▶ [Assignment]: The expected output is the full data, repeated exactly, without pictures.

(Short text fragments from websites)
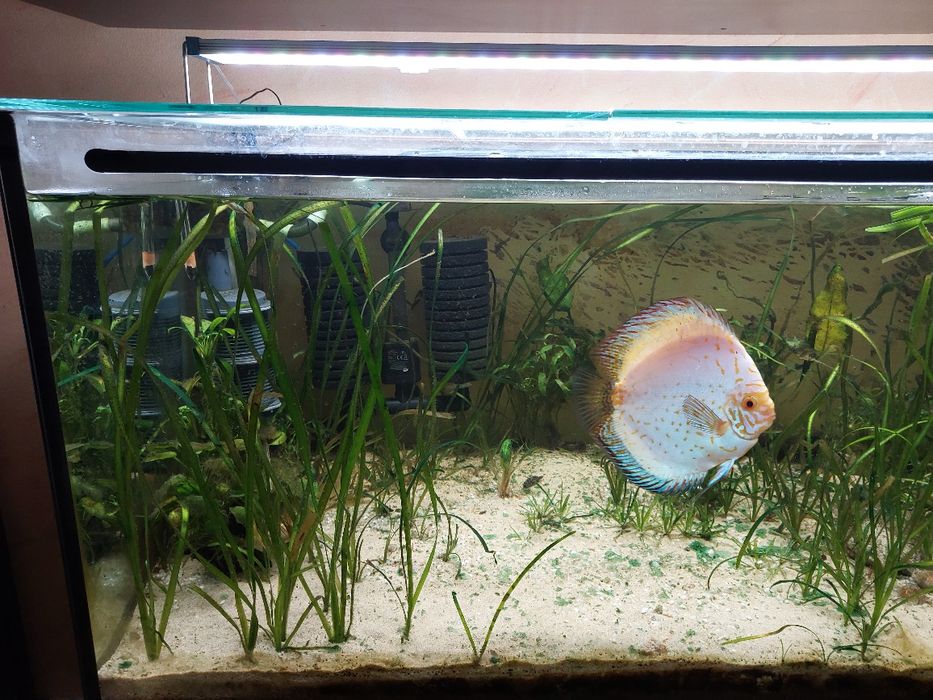 Aquario 120x50x50cm completo para venda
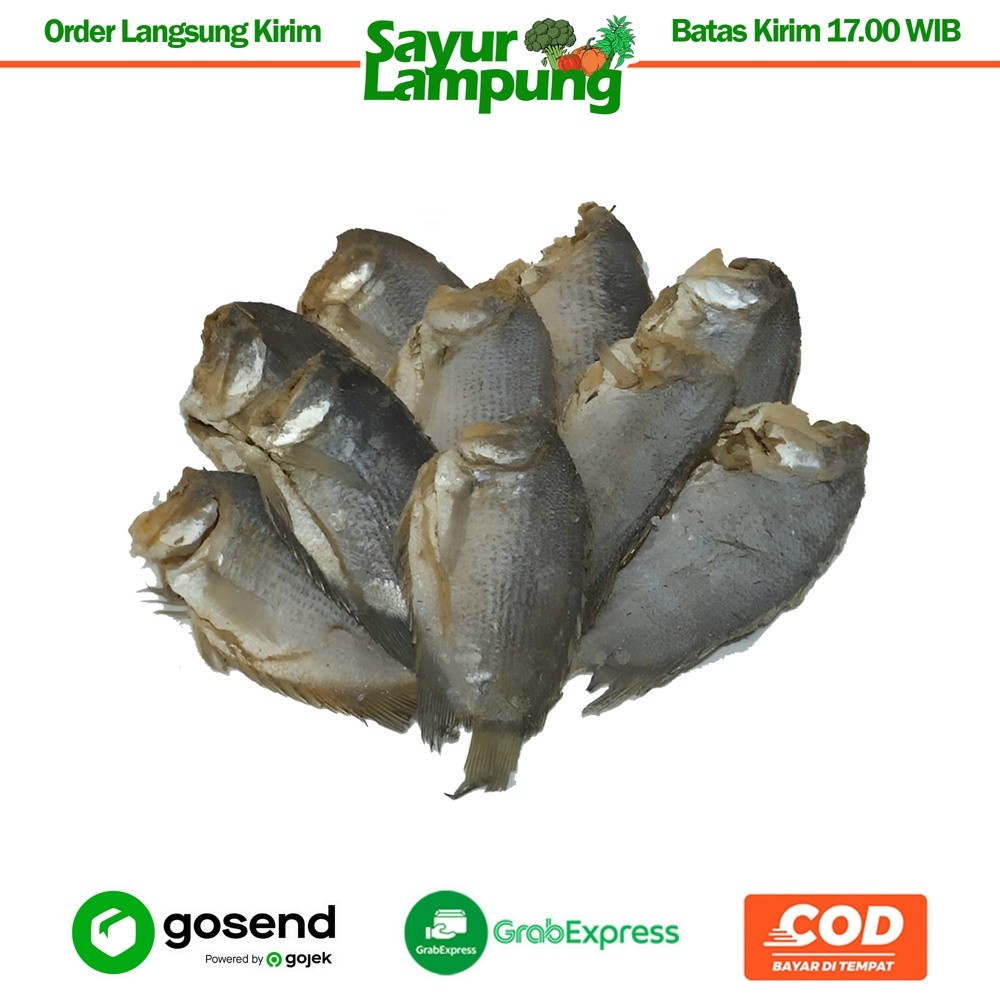 

Ikan Asin Sepat / Tembakang 100 Gr - Sayur Lampung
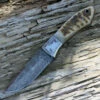 Damascus Blade Knife Damascus 1050RM Hunter, 4" Damascus Plain Blade, Ram's Horn Handle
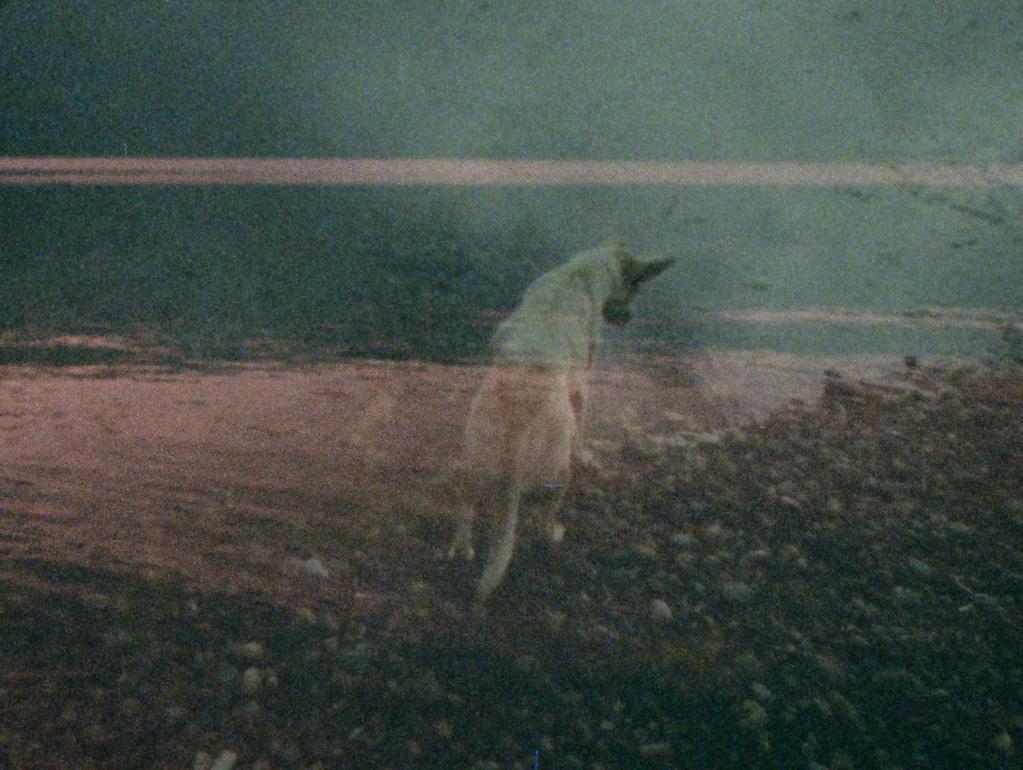 The Departing Images The Departing Images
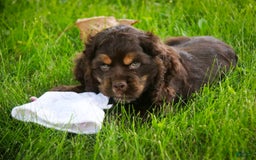 Cocker Spaniel dogs for sale: Dane - Image 8
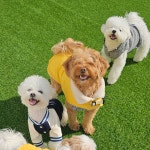 스토리멍 여수애견호텔 애견유치원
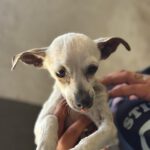 Chihuahua Elia ,04/2014, ca. 30 cm
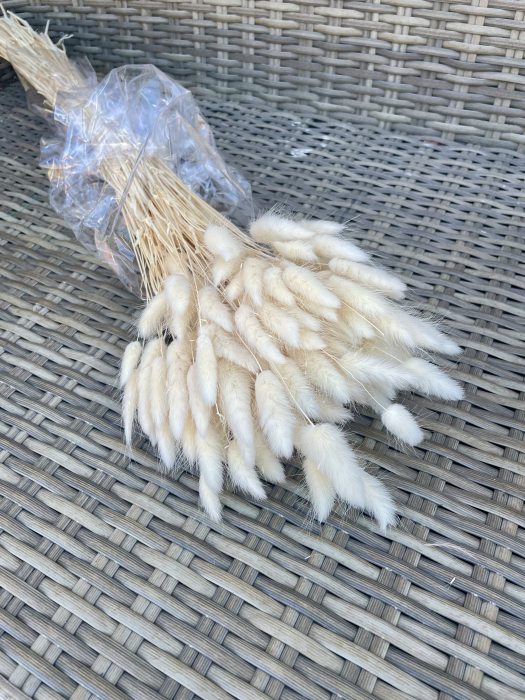 Lagurus crem [1]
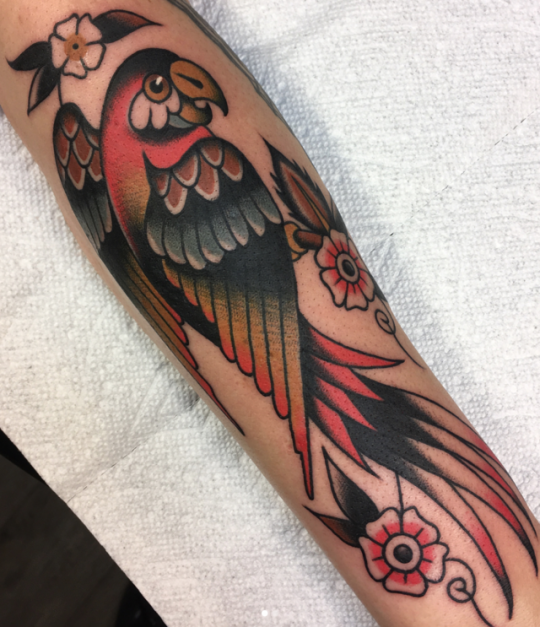 Parrot Tattoo 9
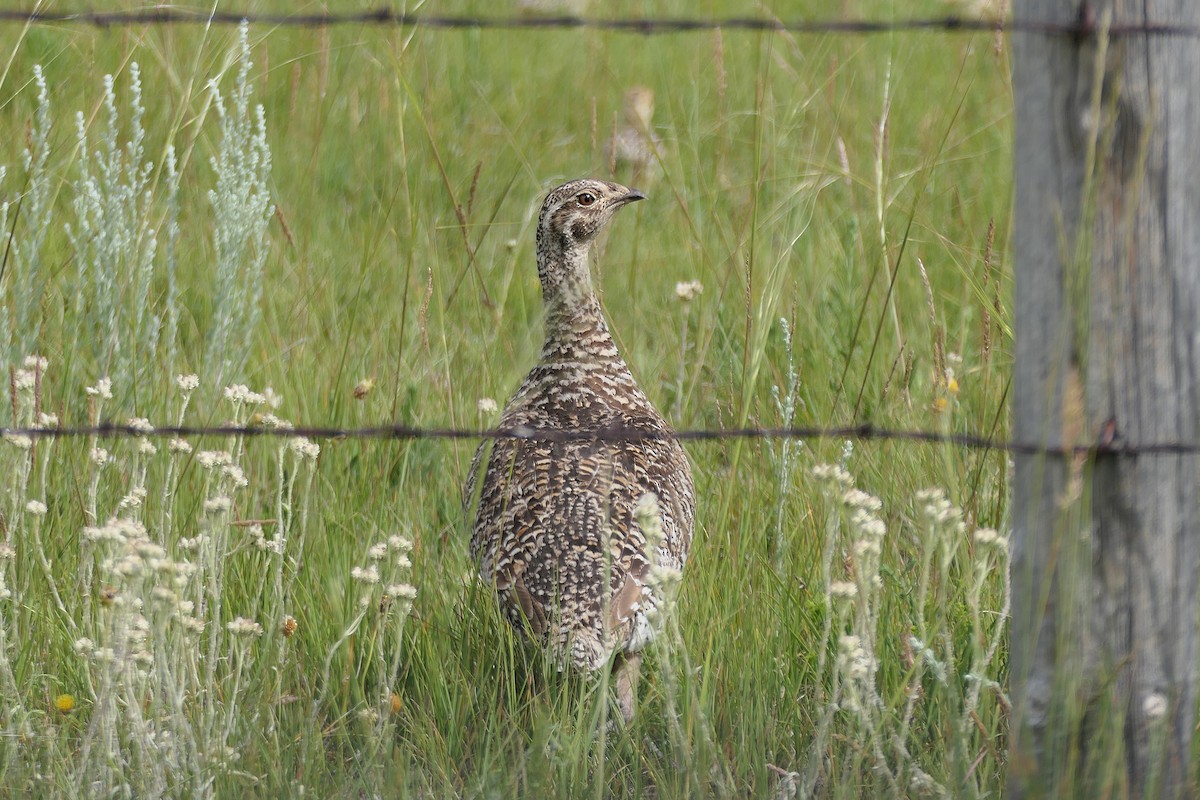 Sharp-tailed Grouse - ML609631287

▶ [Exercise result]:
 Aquario 120x50x50cm completo para venda

Ikan Asin Sepat / Tembakang 100 Gr - Sayur Lampung
 Damascus Blade Knife Damascus 1050RM Hunter, 4" Damascus Plain Blade, Ram's Horn Handle
 The Departing Images The Departing Images
 Cocker Spaniel dogs for sale: Dane - Image 8
 스토리멍 여수애견호텔 애견유치원
 Chihuahua Elia ,04/2014, ca. 30 cm
 Lagurus crem [1]
 Parrot Tattoo 9
 Sharp-tailed Grouse - ML609631287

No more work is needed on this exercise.